How to Build a Summer Framework Structure for Your Instagarden®

Instructions for Instagarden® square and hexagon raised bed gardens

Difficulty Level:  difficult

  • you will need specialized tools
  • you will need a friend for some steps

 

Alternative Plan:  Hire an electrician, who should be able to complete this project in a little over an hour.

 

Required Tools:

  • Measuring Tape
  • Marker
  • EMT electrical conduit cutter
  • Large adjustable wrenches (2)
  • Conduit benders for 1/2" and 3/4" EMT electrical conduit (one each)
  • Carpenter's square

 

Materials:

  • 1/2" EMT electrical conduit, 10 feet long (2-3)
  • 3/4" EMT electrical conduit, 10 feet long (5-8)
  • 1/2" EMT compression fittings (2-6)
  • 3/4" EMT compression fittings (4-6)
  • 11" zip ties, black (5-8)

 

Procedure:

 

(1) Decide how tall you want your  summer structure to be.  I like eight feet or taller for tomatoes, peppers, cucumbers, and such, but I am comfortable climbing on my Instagardens to reach the top of the structure.  Five feet tall is fine for squash and greens.

 

(2) You will need to construct arches out of 3/4" EMT conduit, two for a square and three for a hexagon.  Each arch is composed of two posts with 90 degree bends at the top, connected by a middle piece and two compression couplings.

These Instagarden raised bed gardens have summer structures supporting hail protection, which is a must in Colorado.

(3) Mark how tall you want your structure to be on each of the four or six  3/4" EMT conduits you will use for your posts.  Use the 3/4" conduit bender to create a 90 degree bend at the marks.  Check the angle with the carpenter's square and adjust as necessary.

 

2) Measure the distance between the center of one connector and the center of the connector on the opposite side of your Instagarden.  It should be close to 79" for a hexagon and 57" for a square.  Measure each distance between opposite corners on a hexagon, as there may be slight differences.

 

(3) Measure and calculate how long the middle piece of each arch should be so that the posts are the desired distance apart, and cut the middle pieces for each arch using the conduit cutter.

 

(4) Use 3/4" compression fittings to connect the middle pieces of the arches to the posts, and tighten with the two wrenches.

 

(5) With the help of a friend, lift each arch assembly and insert each end fully into the connectors at opposite corners.

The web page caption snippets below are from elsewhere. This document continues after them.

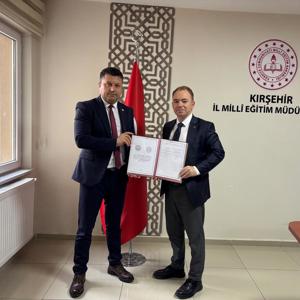 Kırşehir’de Şehit Yakını, Gazi ve Gazi Ailelerine Yönelik Anlamlı Protokol - fotoğraf 2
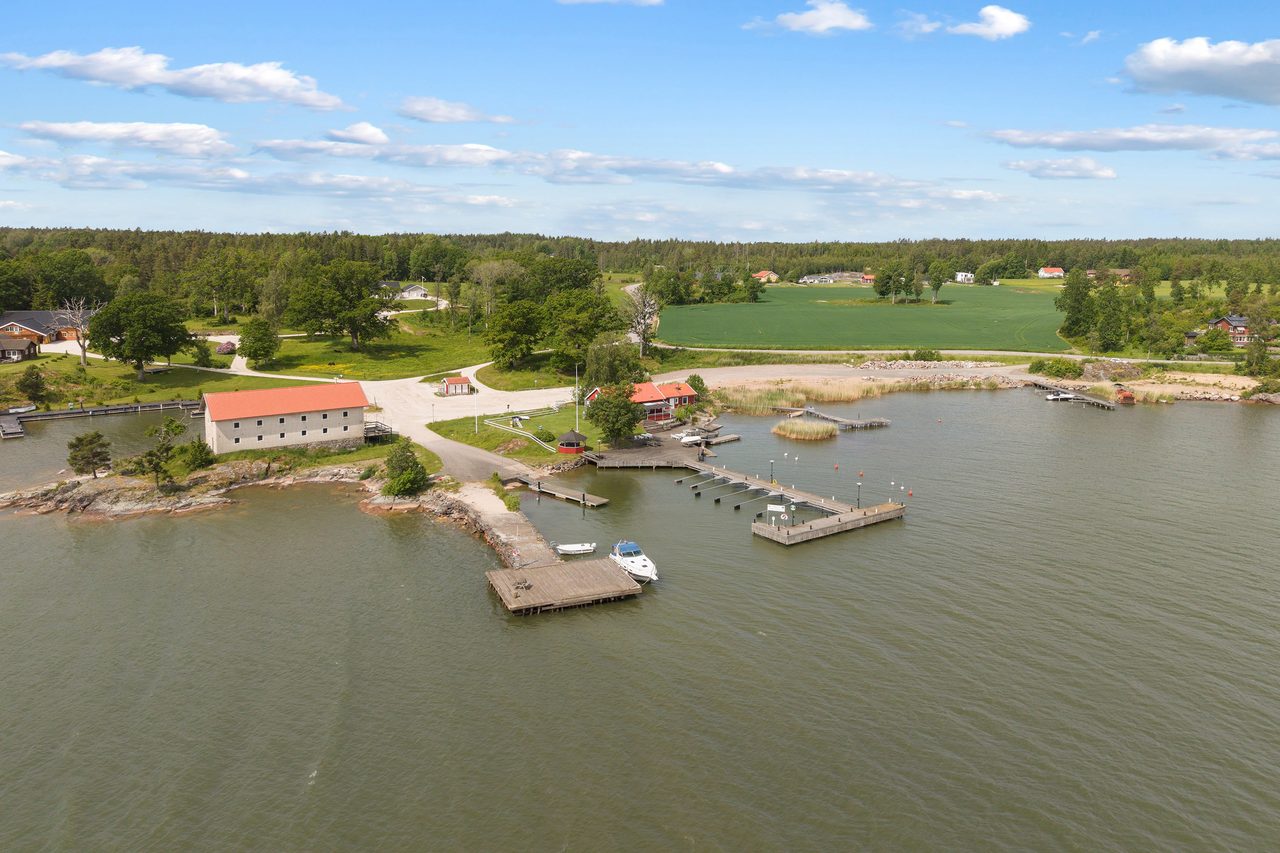 Närhet till båtplatser och SIkhalls Magasin.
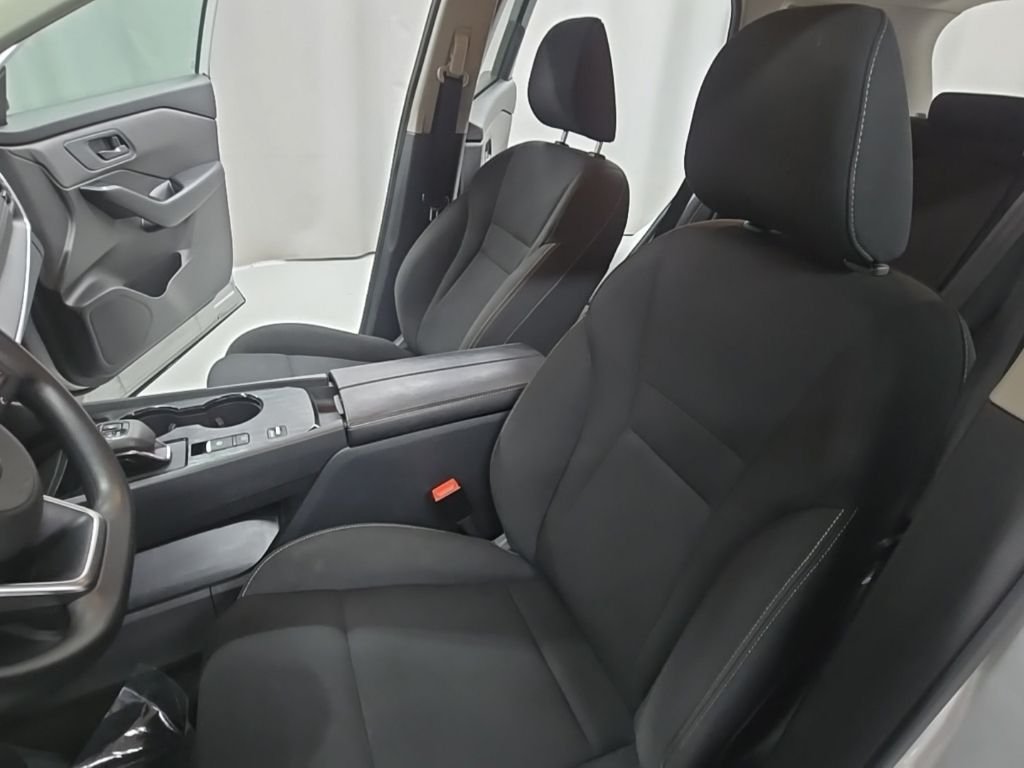 Used 2024 Silver Nissan S image 13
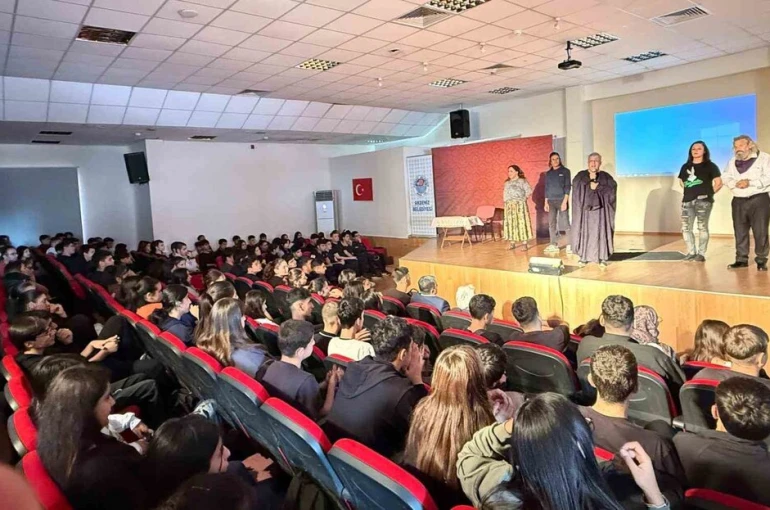 Mersin’de ’madde bağımlılığı’ konulu tiyatro büyük ilgi gördü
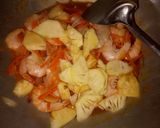 Foto langkah ke 6 dari resep Udang asam manis.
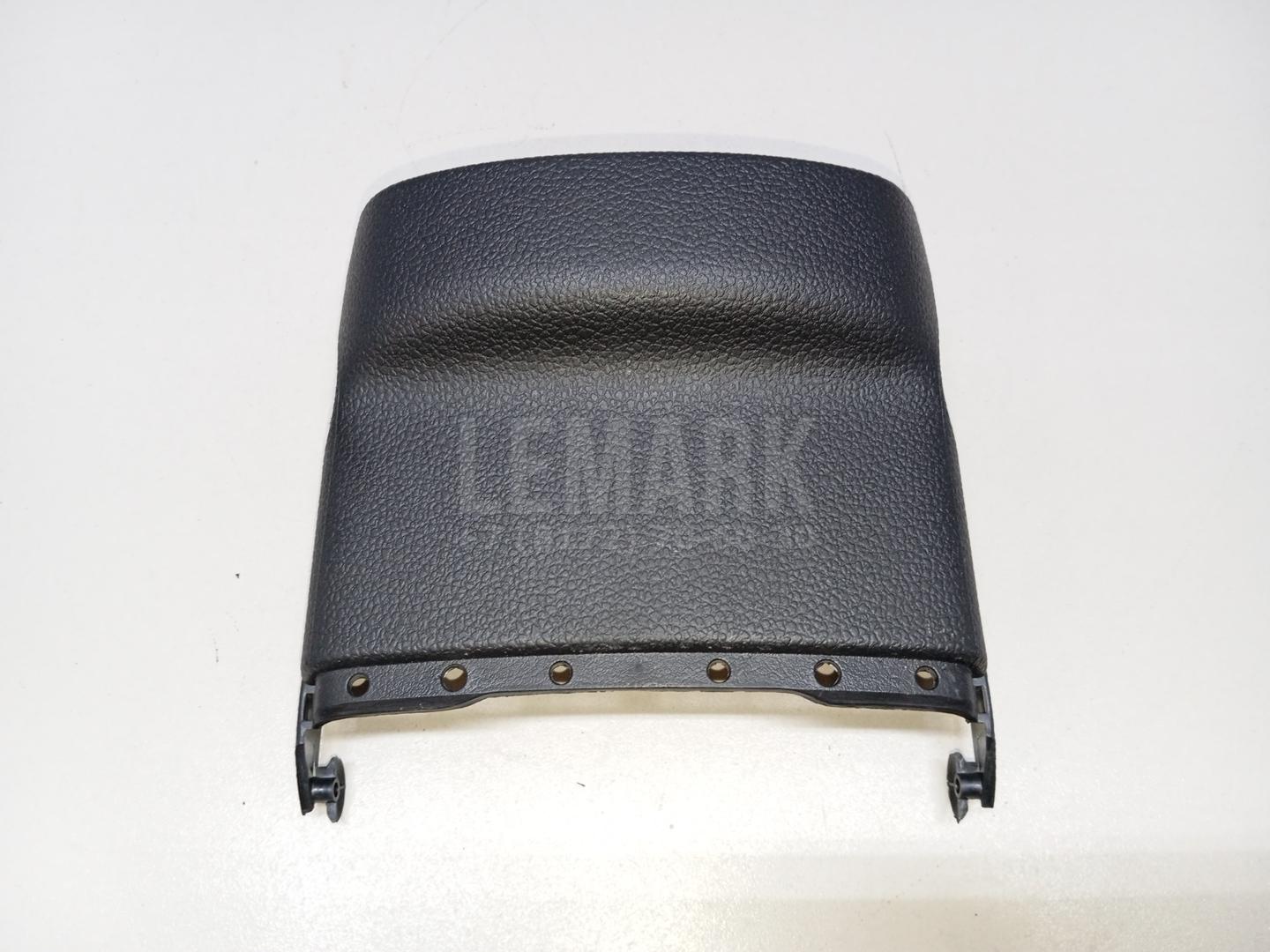 Кожух рулевой колонки верхний 5N0858560C82V VAG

(6) Using zip ties, connect the arches where they cross in the middle.  For a hexagon, secure the bottom assembly to the middle assembly with one zip tie, and the middle assembly to the top assembly with a second.

 

(7) The next step is to construct a top ring out of 1/2" EMT conduit.

 

(8a)  For a square, cut two lengths of 1/2" EMT conduit in half and make a 90 degree bend in the middle of each of the four pieces.  Lay the pieces out in the shape of a square, and arrange the pieces so that the sides of the square are 34" apart.  Mark the excess conduit, and cut off with the conduit cutter.  Connect the four pieces with four 1/2" EMT compression fittings and tighten with the two wrenches.

 

(8b)  For a hexagon, cut three lengths of 1/2" EMT conduit in half and make a 60 degree bend in the middle of each of the six pieces.  Lay the pieces out in the shape of a hexagon, and arrange the pieces so that the sides of the hexagon are 68" apart.  Mark the excess conduit, and cut off with the conduit cutter.  Connect the six pieces with six 1/2" EMT compression fittings and tighten with the two wrenches.

 

(9) With the help of a friend, place the completed  top ring on top of the arches that you previously installed.  Attach with a zip tie at each of the places where the top ring intersects the arches.

 

(10)  Attach string trellis structures to the arches and rails, and use garden clips to attach floating row cover, anti-hail netting, or other covers.